Too many deadly battles.
Can a king save his kingdom, when his own survival seems unlikely?
War has come to Carthya. It knocks at every door and window in the land. And when Jaron learns that King Vargan of Avenia has kidnapped Imogen in a plot to bring Carthya to its knees, Jaron knows it is up to him to embark on a daring rescue mission. But everything that can go wrong does.
His friends are flung far and wide across Carthya and its neighbouring lands. In a last-ditch effort to stave off what looks to be a devastating loss for the kingdom, Jaron undertakes what may be his last journey to save everything and everyone he loves. But even with his lightning-quick wit, Jaron cannot forestall the terrible danger that descends on him and his country. Along the way, will he lose what matters most? And in the end, who will sit on Carthya's throne?
Rousing and affecting, Jaron's adventures have thrilled and moved readers in The False Prince and The Runaway King. Journey once again with the Ascendant King of Carthya, as New York Times bestselling author Jennifer A. Nielsen brings his story to a stunning conclusion with The Shadow Throne.
Released: February 25th 2014 Pages: 336
Publisher: Scholastic Press Source: ARC received through NetGalley
I have a little bit of love for this series. That is, if you define "a little bit" as enough to make me do this as I began reading:
The thing about this series is that it's just so much fun. It's genuinely funny in places. So many characters are awesome and lovable. At its heart, it's a story of adventure and coming-of-age, and it never loses sight of this in favor of overbearing romance or other angst like so many other YA novels. Part of this is probably due to the fact that it straddles that line between middle grade and young adult novels, and so can have the best of both worlds.
Even if it was an incredible amount of fun to read, The Shadow Throne is the darkest novel of the trilogy. The plot stretched the main character, Jaron, to his limits. I saw a new side of him. In this book, he has the weight of an entire kingdom on his shoulders, and it affects him. He constantly underestimates himself, but in reality, he's one of the strongest characters I've ever read about. Why are girls so in love with fictional guys like Four/Tobias, Will Herondale, or the ever-present Edward Cullen? I'd take Jaron over them any day.
Besides, Jaron knows how to sass anyone and everyone, and he's hilarious about it. Sarcasm is his defense mechanism, and his one-liners were some of my favorite things about the previous two books. The Shadow Throne didn't disappoint:
"'As you were told, we immediately sent word of your death far and wide, along with an offer to your prime regent for peaceful surrender.'
'I'm glad you're offering,' I said. 'He'll happily accept your surrender.'"
Jaron has a spot on my list of favorite fictional people. It's not just him that I love, though--so many characters in this series are just so fantastic. More than once, I found myself thinking, "How does Jennifer Nielsen make everyone so flat-out lovable?" Imogen and Jaron's relationship is adorable. Tobias showed some surprising (but welcome) depth, and Roden was just...Roden.

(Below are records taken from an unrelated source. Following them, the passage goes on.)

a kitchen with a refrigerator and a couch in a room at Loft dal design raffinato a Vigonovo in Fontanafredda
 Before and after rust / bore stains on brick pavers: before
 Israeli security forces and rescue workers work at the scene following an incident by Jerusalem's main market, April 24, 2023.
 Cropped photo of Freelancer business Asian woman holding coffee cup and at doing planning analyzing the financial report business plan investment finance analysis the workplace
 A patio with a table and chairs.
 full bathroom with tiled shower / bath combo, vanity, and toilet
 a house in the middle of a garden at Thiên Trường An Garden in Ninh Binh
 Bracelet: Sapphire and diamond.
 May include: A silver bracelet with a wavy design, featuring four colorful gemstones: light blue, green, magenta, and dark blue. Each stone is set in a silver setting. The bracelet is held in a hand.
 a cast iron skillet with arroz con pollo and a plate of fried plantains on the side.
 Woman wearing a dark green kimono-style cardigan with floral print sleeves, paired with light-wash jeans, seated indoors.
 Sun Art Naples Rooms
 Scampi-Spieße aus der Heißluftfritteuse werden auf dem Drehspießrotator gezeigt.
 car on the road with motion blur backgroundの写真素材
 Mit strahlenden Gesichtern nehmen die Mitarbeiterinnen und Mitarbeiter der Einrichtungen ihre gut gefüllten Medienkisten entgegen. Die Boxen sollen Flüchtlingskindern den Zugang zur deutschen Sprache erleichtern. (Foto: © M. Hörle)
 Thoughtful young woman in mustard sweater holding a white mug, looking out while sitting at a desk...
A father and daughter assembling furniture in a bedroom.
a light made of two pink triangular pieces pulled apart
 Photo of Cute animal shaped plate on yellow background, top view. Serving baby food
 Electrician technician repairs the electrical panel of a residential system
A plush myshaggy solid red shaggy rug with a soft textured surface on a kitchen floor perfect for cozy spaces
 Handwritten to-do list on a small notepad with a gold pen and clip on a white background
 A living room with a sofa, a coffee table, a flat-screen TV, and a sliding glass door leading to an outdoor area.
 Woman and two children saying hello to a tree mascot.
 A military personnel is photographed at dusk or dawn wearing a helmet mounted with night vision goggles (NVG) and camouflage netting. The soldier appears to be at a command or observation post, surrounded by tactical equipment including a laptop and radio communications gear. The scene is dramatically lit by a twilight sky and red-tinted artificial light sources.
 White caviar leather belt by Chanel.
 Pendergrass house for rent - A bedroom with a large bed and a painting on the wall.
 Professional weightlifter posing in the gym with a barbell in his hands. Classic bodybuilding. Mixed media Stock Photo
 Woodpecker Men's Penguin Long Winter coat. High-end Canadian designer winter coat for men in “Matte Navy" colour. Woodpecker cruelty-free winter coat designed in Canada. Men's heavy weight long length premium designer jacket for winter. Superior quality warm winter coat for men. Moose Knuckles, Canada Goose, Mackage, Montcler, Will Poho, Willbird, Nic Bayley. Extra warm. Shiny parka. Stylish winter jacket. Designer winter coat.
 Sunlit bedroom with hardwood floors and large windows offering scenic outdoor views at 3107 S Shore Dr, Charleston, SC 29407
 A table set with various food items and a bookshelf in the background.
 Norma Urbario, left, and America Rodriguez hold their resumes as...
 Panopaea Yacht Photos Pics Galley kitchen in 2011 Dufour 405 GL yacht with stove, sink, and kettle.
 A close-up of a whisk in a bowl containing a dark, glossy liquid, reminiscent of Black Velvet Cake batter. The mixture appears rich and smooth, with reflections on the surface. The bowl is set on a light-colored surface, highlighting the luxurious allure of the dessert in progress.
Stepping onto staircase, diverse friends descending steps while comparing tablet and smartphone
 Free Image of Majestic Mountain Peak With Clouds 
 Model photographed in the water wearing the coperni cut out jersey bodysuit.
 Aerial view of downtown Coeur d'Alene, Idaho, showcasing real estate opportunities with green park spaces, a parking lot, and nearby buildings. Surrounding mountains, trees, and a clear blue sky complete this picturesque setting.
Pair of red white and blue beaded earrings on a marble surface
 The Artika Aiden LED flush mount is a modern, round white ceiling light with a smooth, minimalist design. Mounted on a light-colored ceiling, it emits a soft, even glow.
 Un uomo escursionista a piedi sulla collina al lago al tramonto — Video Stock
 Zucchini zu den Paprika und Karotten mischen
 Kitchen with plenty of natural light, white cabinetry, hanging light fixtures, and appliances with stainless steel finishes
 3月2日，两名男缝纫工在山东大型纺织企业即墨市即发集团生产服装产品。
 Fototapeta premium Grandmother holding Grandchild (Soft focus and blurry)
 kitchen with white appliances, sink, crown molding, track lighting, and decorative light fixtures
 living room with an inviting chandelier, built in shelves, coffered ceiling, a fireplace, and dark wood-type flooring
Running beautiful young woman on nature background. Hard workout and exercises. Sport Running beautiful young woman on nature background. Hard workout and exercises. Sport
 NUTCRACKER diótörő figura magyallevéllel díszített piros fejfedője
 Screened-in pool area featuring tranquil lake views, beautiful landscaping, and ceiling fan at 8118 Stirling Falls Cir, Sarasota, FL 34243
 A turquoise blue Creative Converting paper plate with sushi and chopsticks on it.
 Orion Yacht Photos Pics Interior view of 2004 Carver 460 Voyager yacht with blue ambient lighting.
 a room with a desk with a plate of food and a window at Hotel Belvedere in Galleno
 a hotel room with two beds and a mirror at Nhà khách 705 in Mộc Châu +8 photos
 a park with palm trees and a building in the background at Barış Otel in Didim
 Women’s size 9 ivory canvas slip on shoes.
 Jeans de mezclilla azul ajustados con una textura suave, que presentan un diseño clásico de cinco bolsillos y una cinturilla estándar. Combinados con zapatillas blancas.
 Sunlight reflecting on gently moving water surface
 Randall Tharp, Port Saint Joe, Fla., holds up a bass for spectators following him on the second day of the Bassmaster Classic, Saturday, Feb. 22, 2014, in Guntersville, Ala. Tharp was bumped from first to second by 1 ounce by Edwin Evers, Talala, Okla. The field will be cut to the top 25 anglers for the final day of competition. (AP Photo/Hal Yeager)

My only complaint is that the ending was predictable. I won't believe anyone is dead anymore unless I see a body. And, sure enough, I was right. Then again, I can't complain too much, since I loved the ending anyway.
I'm truly sad to see this series end. It was truly a pleasure to read. It's rare when an author can make me love a character this wholeheartedly, and get me to truly feel this character's pain. And then add a little humor to make me laugh. I loved trying to figure out how Jaron would escape the increasingly impossible situations he got himself into. I highly recommend this series, and I'm anxious to read Jennifer Nielsen's next book (which looks awesome, by the way).